Ce long métrage documentaire du Sénégalais Alassane Diago (2018) sort sur les écrans français le 20 février 2019. Un regard très personnel sur la question de l’exil et de l’émigration, qui fait suite à « Les Larmes de l’émigration » et « La Vie n’est pas immobile ».
La question de l’exil et de l’émigration traverse de manière récurrente les productions africaines. Le Sénégalais Alassane Diago s’est fait connaître en abordant le sujet sous l’angle de l’intime avec Les Larmes de l’émigration, 2010, cadrant l’attente de sa mère face au départ du père, absent depuis plus de 20 ans. Elargissant le propos à la communauté des femmes qui restent seules au pays, et s’organisent, il signe La Vie n’est pas immobile, 2012, puis prolonge son questionnement familial dans Rencontrer mon père, 2018. Il s’agit de se confronter à l’image du père, exilé dans un autre pays, en le retrouvant et le filmant pour comprendre.
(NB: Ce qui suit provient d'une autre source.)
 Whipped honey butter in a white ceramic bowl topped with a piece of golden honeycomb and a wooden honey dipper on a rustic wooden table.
« Les sécheresse des années 1970 et 1980 ont donné naissance à de fortes migrations dans la région du Fouta, nord-est du Sénégal », rappelle Alassane Diago. « Dans l’espoir de trouver une vie meilleure, les hommes sont presque tous partis. Parmi eux, mon père. » Le manque de cette figure paternelle, perdue de vue pendant près de 30 ans, pousse le cinéaste sénégalais à exorciser le mal par le cinéma. « En 2013, je suis entré en contact avec lui », explique-t-il. « Il se trouve au Gabon, un pays d’Afrique Centrale, plus précisément dans une province qu’on appelle Lambaréné. Il y a refait sa vie. J’y ai des frères et sœurs. »
Rencontrer mon père cristallise les retrouvailles du réalisateur avec son géniteur. Au début, il montre l’espoir têtu de la mère sur le retour de son époux, son fatalisme, les recommandations qu’elle donne à son fils pour le voyage, assorties de talismans protecteurs. Et presque sans transition, on découvre la modeste habitation du père au Gabon, avec sa nouvelle épouse, ses deux filles et ses deux garçons. L’homme s’est senti humilié lorsque la télévision gabonaise a diffusé Les Larmes de l’émigration, exposant son départ et l’abandon de liens avec sa famille sénégalaise.
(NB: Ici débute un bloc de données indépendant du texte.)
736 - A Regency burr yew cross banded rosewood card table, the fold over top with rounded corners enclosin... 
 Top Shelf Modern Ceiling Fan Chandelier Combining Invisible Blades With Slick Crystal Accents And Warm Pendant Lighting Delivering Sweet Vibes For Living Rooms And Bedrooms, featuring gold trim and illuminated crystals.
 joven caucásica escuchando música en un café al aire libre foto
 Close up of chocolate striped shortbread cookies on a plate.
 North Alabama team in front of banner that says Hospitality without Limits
Entre les scènes de son quotidien, rythmées par les soins à son petit troupeau de chèvres, les prières à la mosquée, le réalisateur pose la caméra face à lui pour saisir ses sentiments, ses réponses, et son éventuel repentir. Le fils étire les plans pour faire surgir la parole, révélant l’embarras du père, ses difficultés financières, sa responsabilité esquivée, mais aussi son amertume d’avoir à se confronter à la quête affective et cinématographique de son enfant.
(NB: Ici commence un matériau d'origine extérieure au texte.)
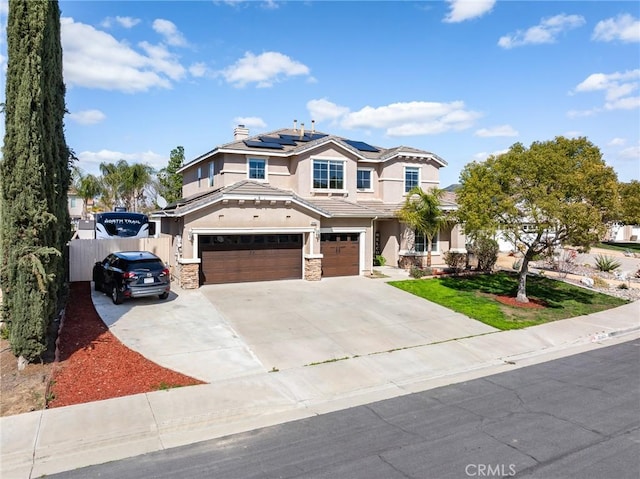 32460 Perigord Rd, Winchester, CA 92596 - view of front of house with stucco siding, an attached garage, solar panels, stone siding, and driveway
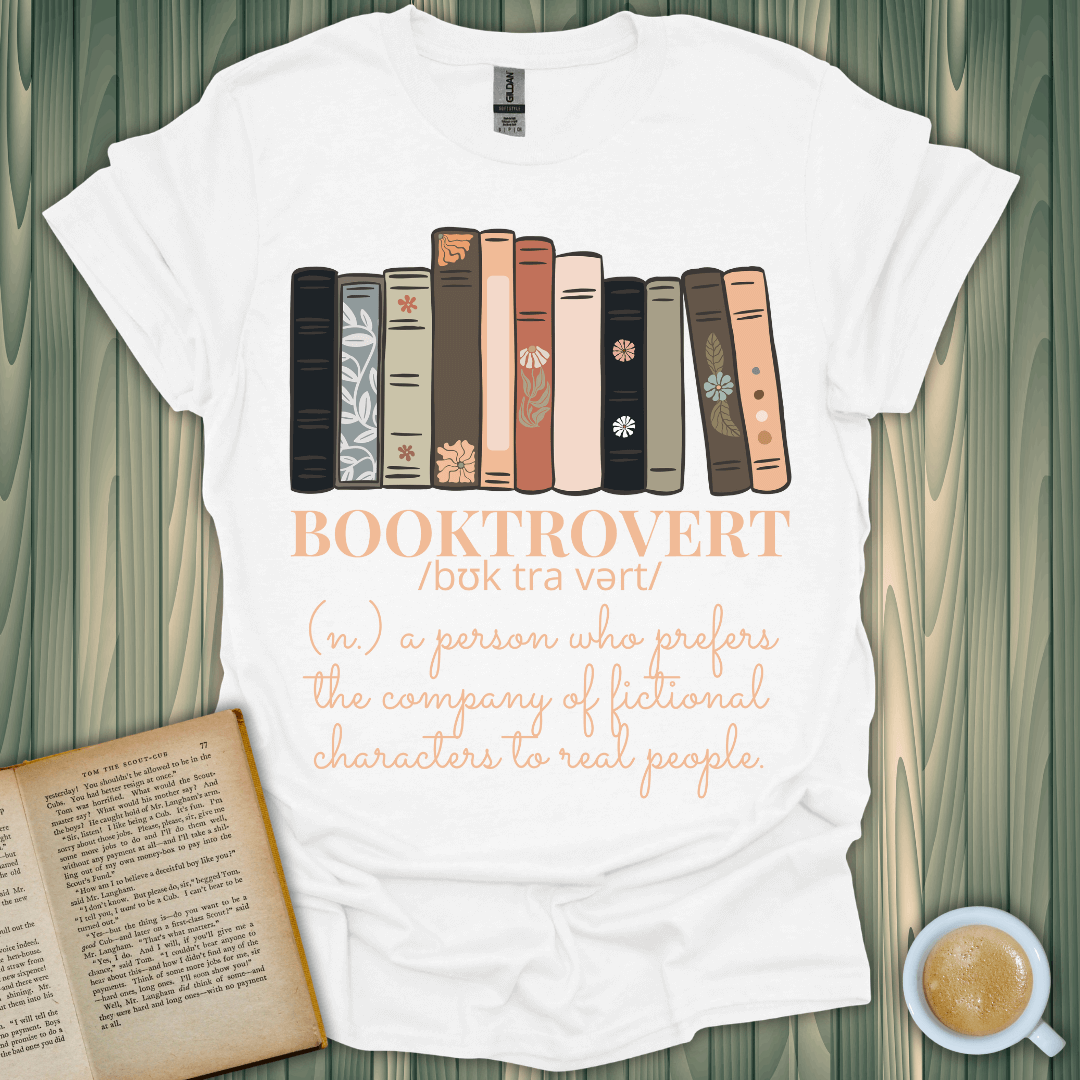 Booktrovert T-Shirt for book lovers, featuring a cozy design with books and playful text about fictional characters.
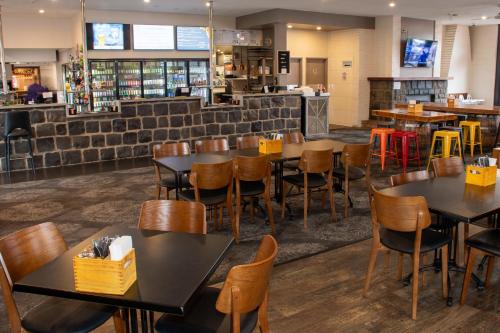 Alpine Hotel Brightにあるレストランまたは飲食店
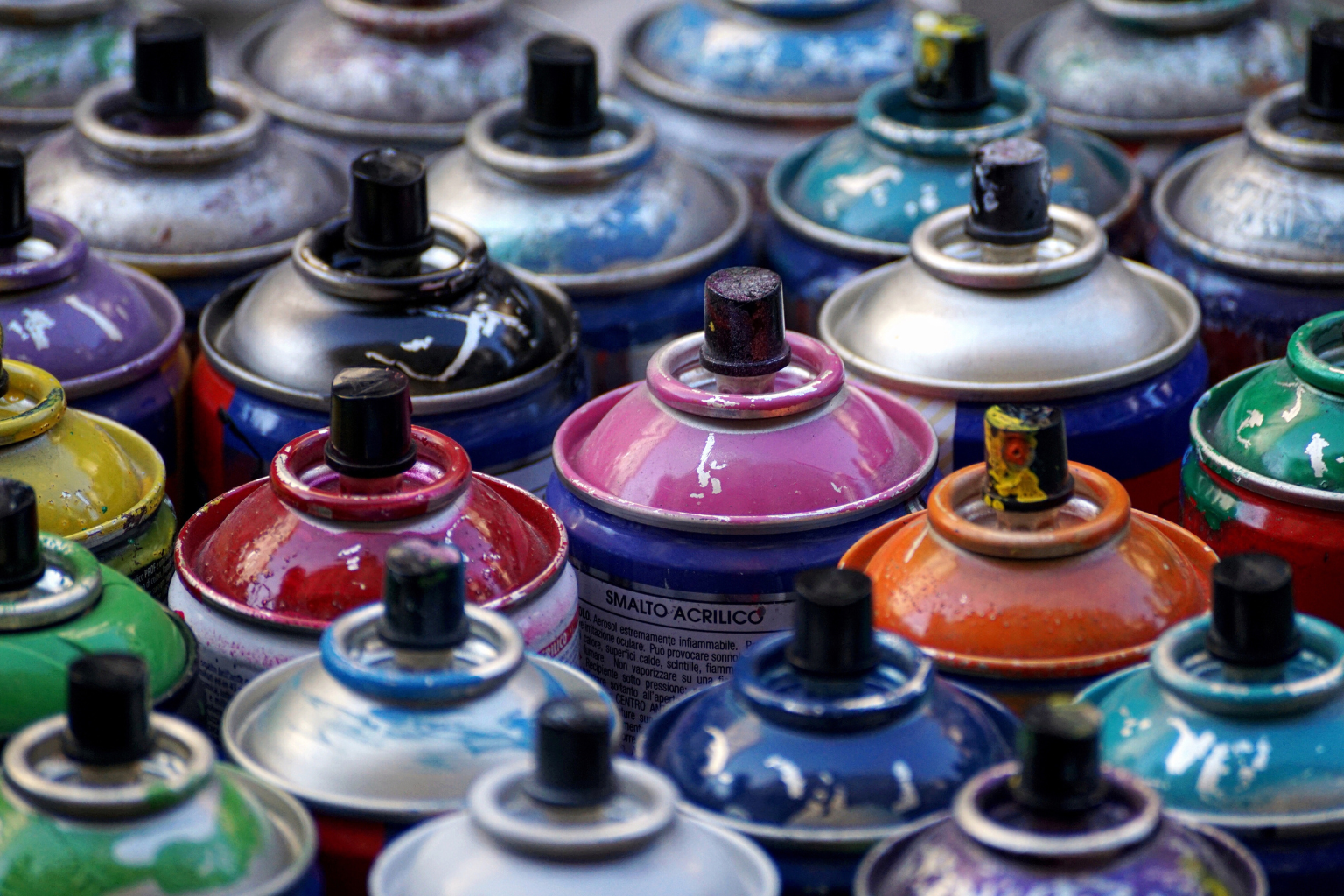 Colorful spray paint cans arranged in a row for artistic projects.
Alassane Diago avance ses questions brûlantes, et dérangeantes, sans faillir. Il les retient comme pour mieux les placer, à bon escient, dans les silences gênés du père. Celui-ci se livre à la caméra avec mesure, laissant poindre les limites de sa disponibilité pour l’enregistrement tout en s’offrant de front, face à l’objectif, comme pour tenter de restaurer son image. Ainsi s’établit un jeu père fils qui évoque en arrière-plan, les problèmes économiques que connaissent des états africains aussi différents que le Sénégal et le Gabon.
« Il fallait prendre en compte toute cette situation », souligne Alassane Diago en posant sa caméra avec attention, pudeur et fermeté. Le séjour chez le père qui dure un mois et demi, est aussi l’occasion de connaître sa nouvelle femme et d’établir un dialogue parfois difficile avec ses enfants gabonais. Ils témoignent de la dureté du patriarche, plus occupé à l’entretien de ses chèvres que d’échanger avec eux.
En tentant de filmer l’indicible, la communication distordue mais possible, Alassane Diago affirme aussi sa maîtrise de la caméra. Ses plans patients, ses images de la cour paternelle, zébrées par des scènes d’orages dans la nuit, aèrent les face-à-face tendus. Rencontrer mon père paraît ainsi clore (provisoirement ?) une trilogie, produite avec le concours de sociétés françaises, tissant un lien entre les pays, les continents.
Alassane Diago utilise la caméra comme un vecteur d’interrogation sur son vécu mais aussi sur le pouvoir de son art, apte à faire évoluer les relations et à incarner une image enfuie. Présent par sa voix, son regard braqué sur le réel, le cinéaste sénégalais s’inscrit aussi corporellement dans la scène finale, semblant instaurer une cellule familiale renouvelée et assumée. Rencontre accomplie en forme de double reconnaissance.